**What the exercise asks:** I would like the lines below, from the one with "Cassino War Cemetery" through the one with "路虎揽胜Evoque敞篷车,路虎evoque2022加长7座", copied exactly and without any pictures.

Image-caption web data:
########
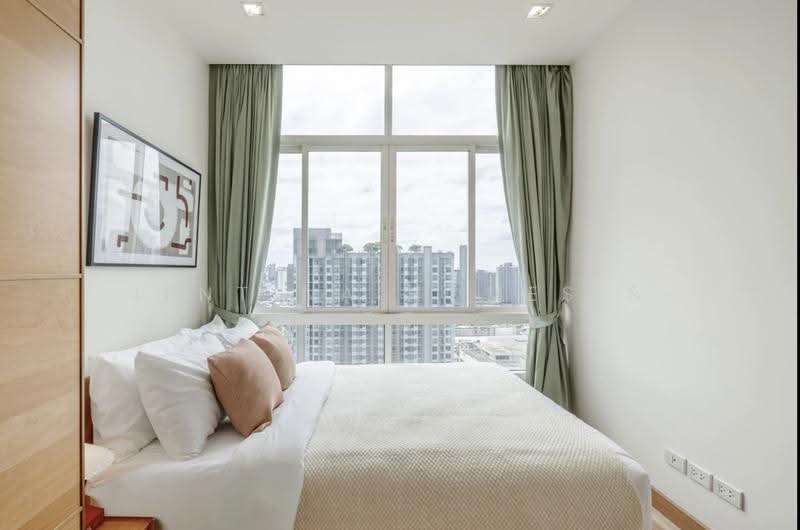 IDEO Verve Sukhumvit, Bangkok, 2077 Sukhumvit Road, Phra Kanong Nua, Watthana, Bangkok, 2 Bedrooms, 47 sqm, Condo For Rent, by Jentina Homes & Co, 500525926 - DDproperty.com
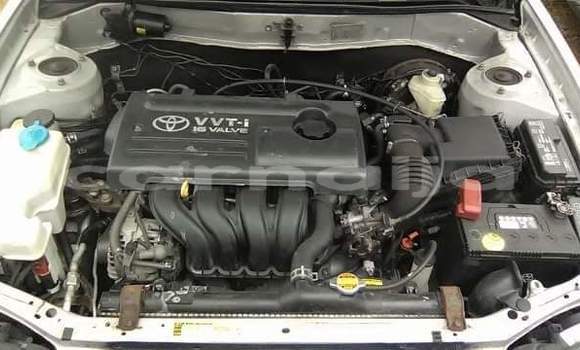 Acheter Occasion Voiture Toyota Corolla Gris à Badagry, État de Lagos Acheter Occasion Voiture Toyota Corolla Gris à Badagry, État de Lagos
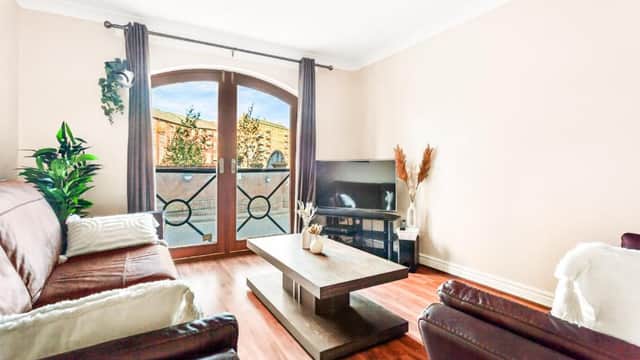 Accommodation at Central Leeds, Call Lane - Wonderful 2-bedroom,Pet friendly, in the City Centre in leeds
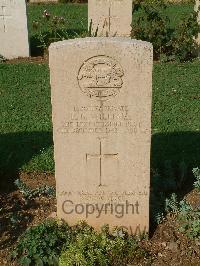 Cassino War Cemetery - Williams, Ronald Bruce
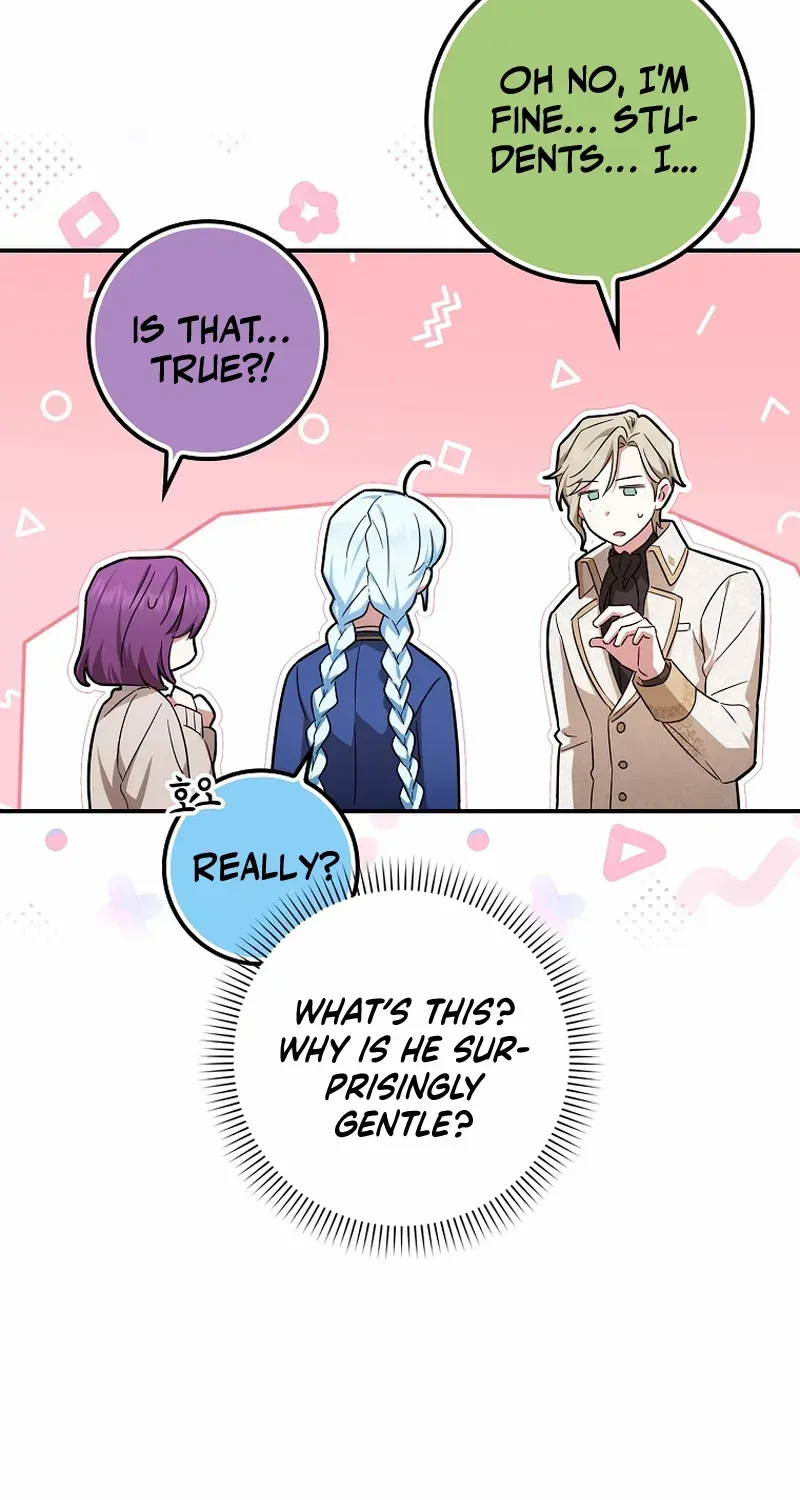 Deadlines are Raining in the Status Window Chapter 17 page 81 - 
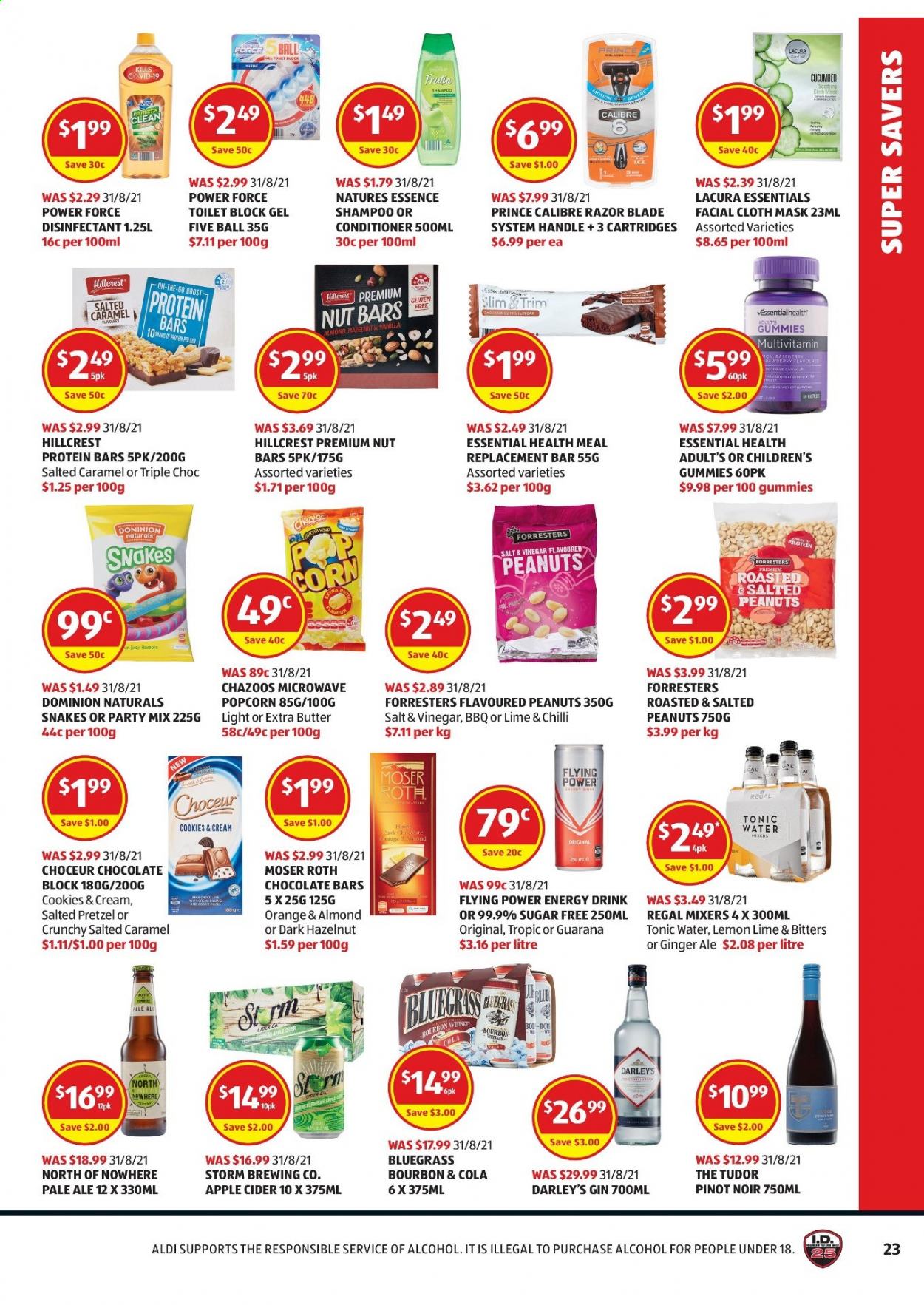ALDI catalogue - 8 Sep 2021 - 14 Sep 2021. Page 23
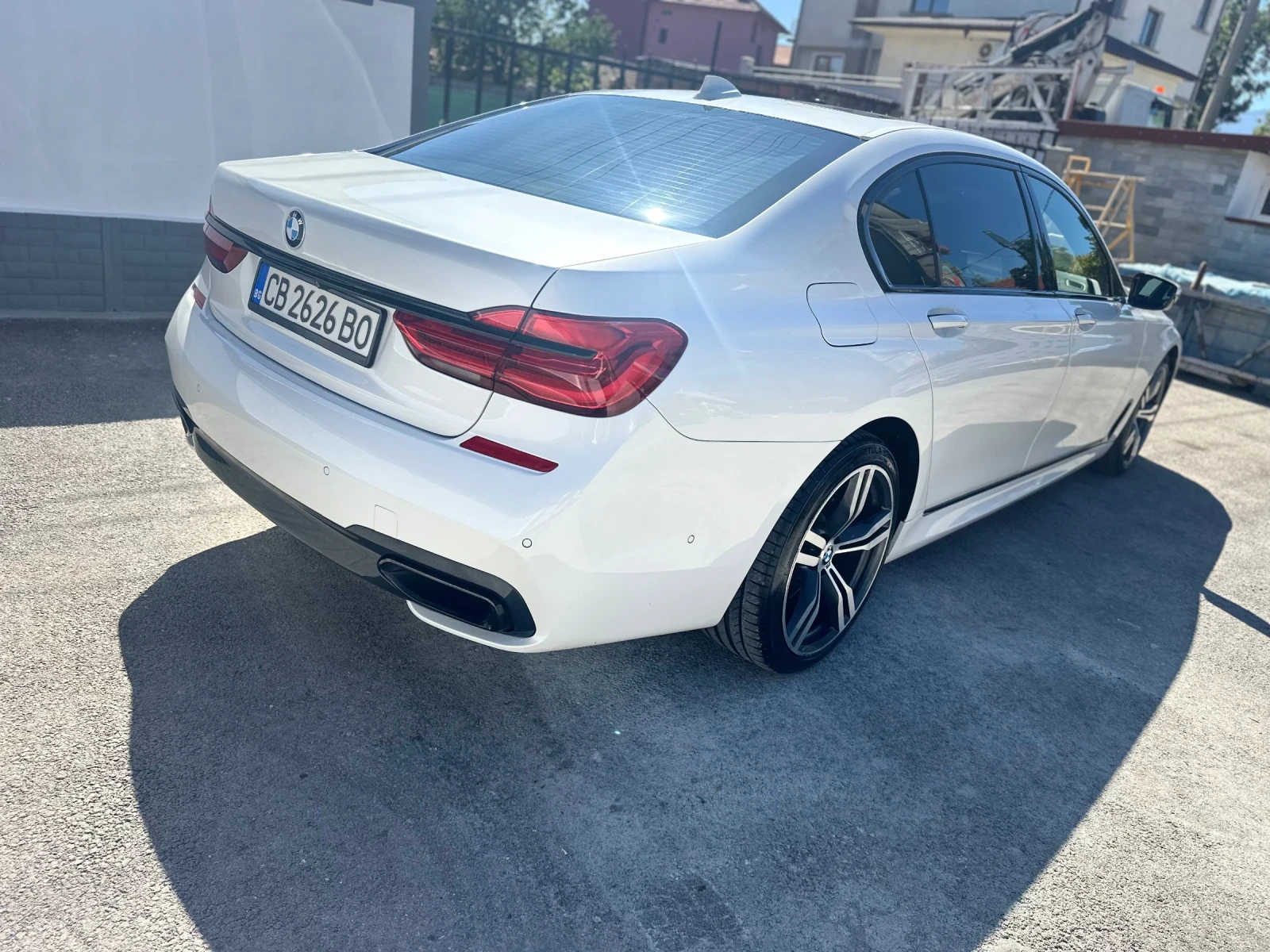 BMW 750 750LI - изображение 7 | Auto.bg BMW 750 750LI - изображение 7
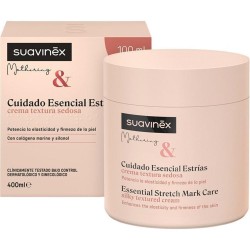 SUAVINEX Essential Care Stretch Marks Cream 400 ml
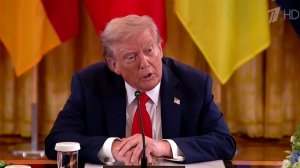 Дональд Трамп еще раз подчеркнул, как много значат для всего мира российско-американские отношения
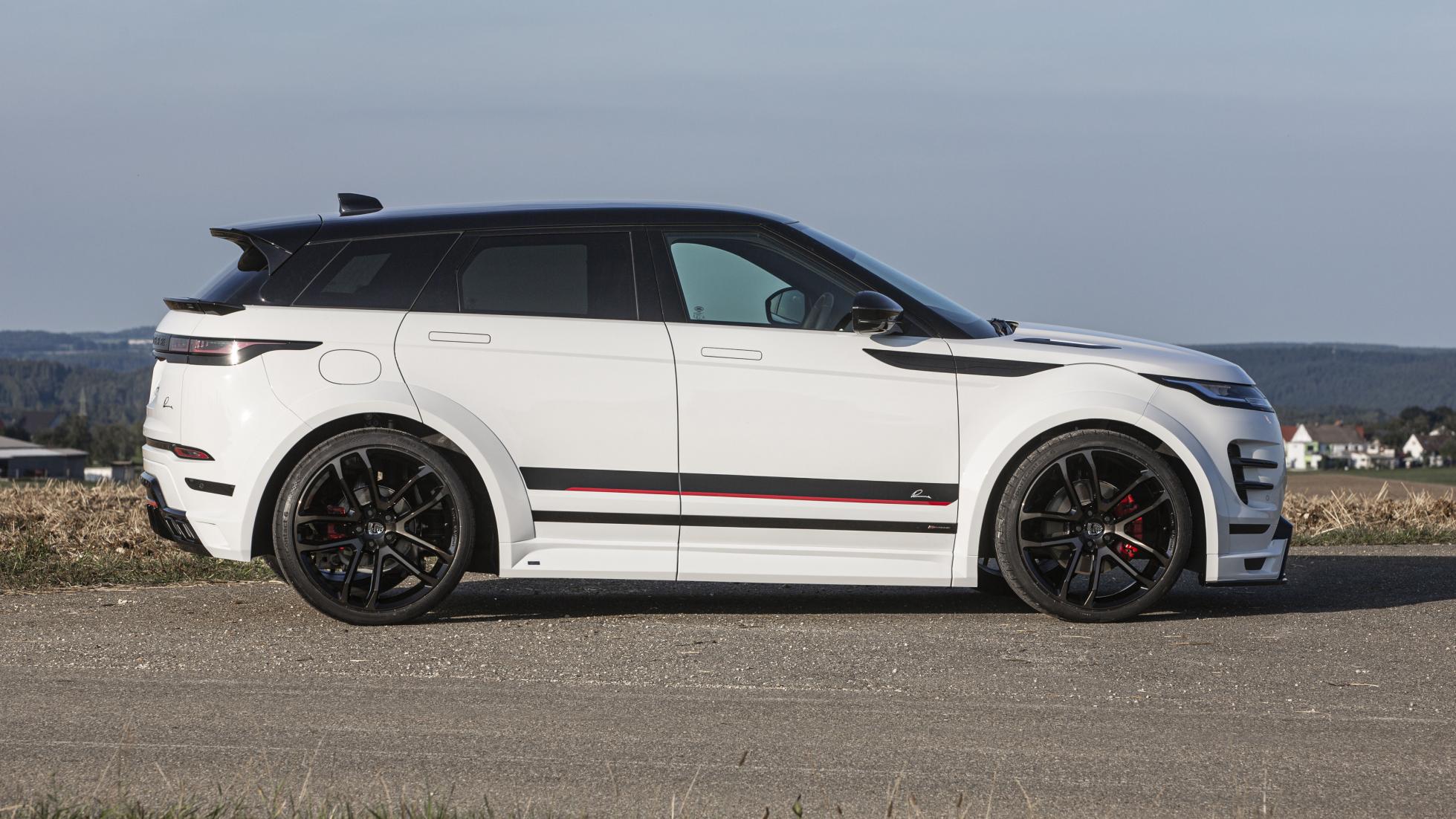 路虎揽胜Evoque敞篷车,路虎evoque2022加长7座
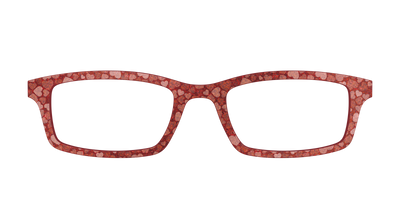The Shimmering Hearts - Front Top Thumbnail - Pair Eyewear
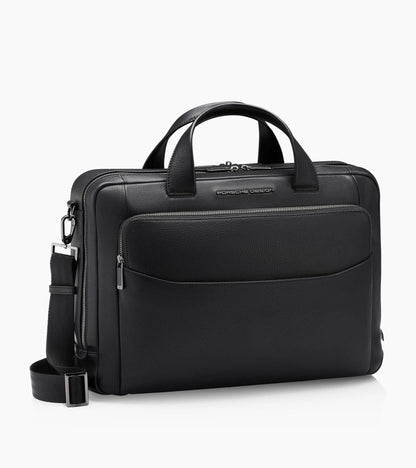 Porsche Design Smart Buy | Roadster Leather Briefcase M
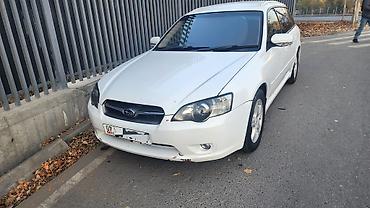 Subaru Legacy: 2003 г., 2 л, Автомат, Бензин, Универсал at lalafo.kg Subaru Legacy: 2003 г., 2 л, Автомат, Бензин, Универсал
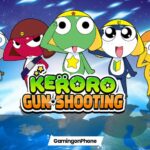 Keroro Gun Shooting cover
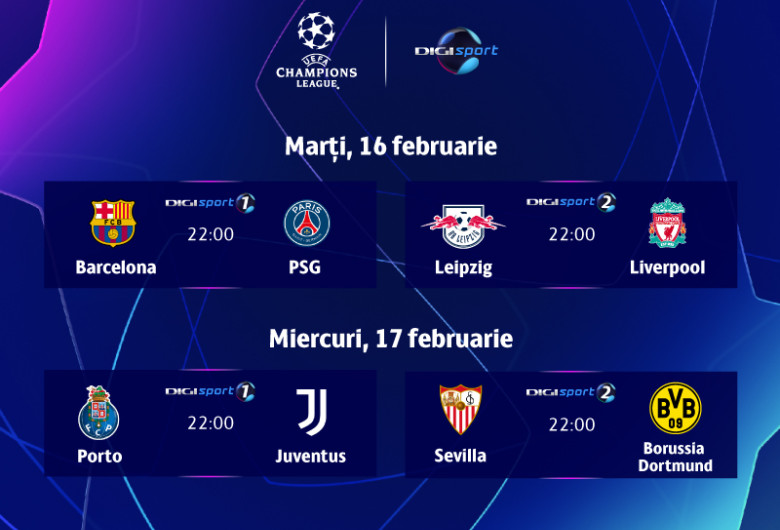 UCL Digi Sport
########
**Solution to the exercise:**
 Cassino War Cemetery - Williams, Ronald Bruce
 Deadlines are Raining in the Status Window Chapter 17 page 81 - 
ALDI catalogue - 8 Sep 2021 - 14 Sep 2021. Page 23
 BMW 750 750LI - изображение 7 | Auto.bg BMW 750 750LI - изображение 7
 SUAVINEX Essential Care Stretch Marks Cream 400 ml
 Дональд Трамп еще раз подчеркнул, как много значат для всего мира российско-американские отношения
 路虎揽胜Evoque敞篷车,路虎evoque2022加长7座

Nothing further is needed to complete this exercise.